The notion of social origins of learning, the interrelationship of language and thought, and the Zone of Proximal Development are Vygotsky’s most important contributions. However, the practical applications of sociocultural theory are also significant that emphasize creating learner-centered instructional environments where learning by discovery, inquiry, active problem solving, and critical thinking are fostered through collaboration with experts and peers in communities of learners and encourage self-directed lifelong learning habits. Presenting authentic and cognitively challenging tasks within a context of collaborative activities, scaffolding learner’s efforts by providing a structure and support to accomplish complex tasks, and providing opportunities for authentic and dynamic assessment are all important aspects of this approach.
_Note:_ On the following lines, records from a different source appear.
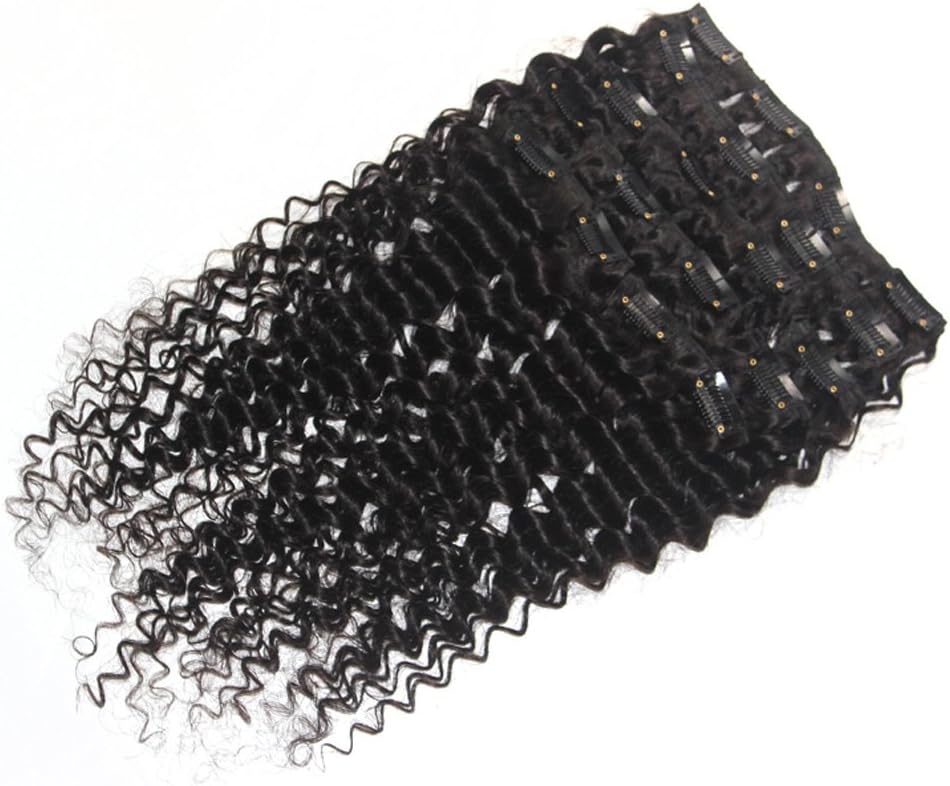 Forawme Curly Clip In Hair Extensions 8pcs/lot 100 Human Hair Clip On #1B Black 24 Inch 120g Soft Remy Full End Hair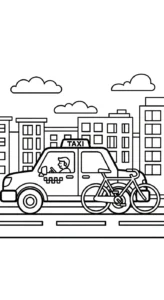 coloriage Taxi à imprimer pour enfant de 4 ans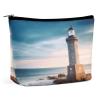 GHENBLT Waterproof Travel Makeup Bag Case Organizer, PU Leather Beach Lighthouse Cosmetic Bags, Small Toiletry Case Cute, Portable Zipper Pouch for Women Men, Travel Accessories view 1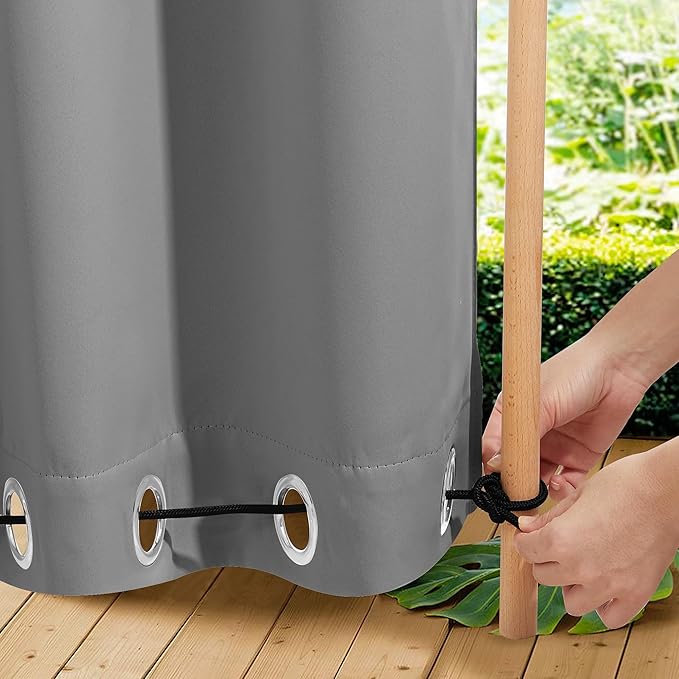 NICETOWN 2 Panels Outdoor Curtains for Patio Waterproof & Windproof, Extra Wide Grommet & Back Tab on Top & Bottom Thermal Insulated Sun Blocking Drapes with Rope for Deck, Silver Grey, W100 x L108 NICETOWN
Sociocultural principles can be applied in effective and meaningful ways to design instruction across the curriculum for learners of different ages and variety of skills, and they can be effectively integrated using a wide range of technologies and learning environments. The challenge remains for educators and instructional designers to elevate our practices from efficient, systemic approaches for teaching and instructional design to a focus on individual learners and effective pedagogical practices to develop empowered learners ready to successfully negotiate the rapidly changing era of information. Technology is at our fingertips it is up to us to competently implement its unique affordances to promote new ways to educate and support deep, meaningful, and self-directed learning. Grounding our practices in sociocultural theory can significantly aid our efforts.
Design Characteristics Related to Social Perspectives of Learning
In this section major characteristics of sociocultural theory important to instructional design will be discussed. These include the focus on the individual learner and their context for learning and the use of effective pedagogies centered around collaborative practice and communities of learners.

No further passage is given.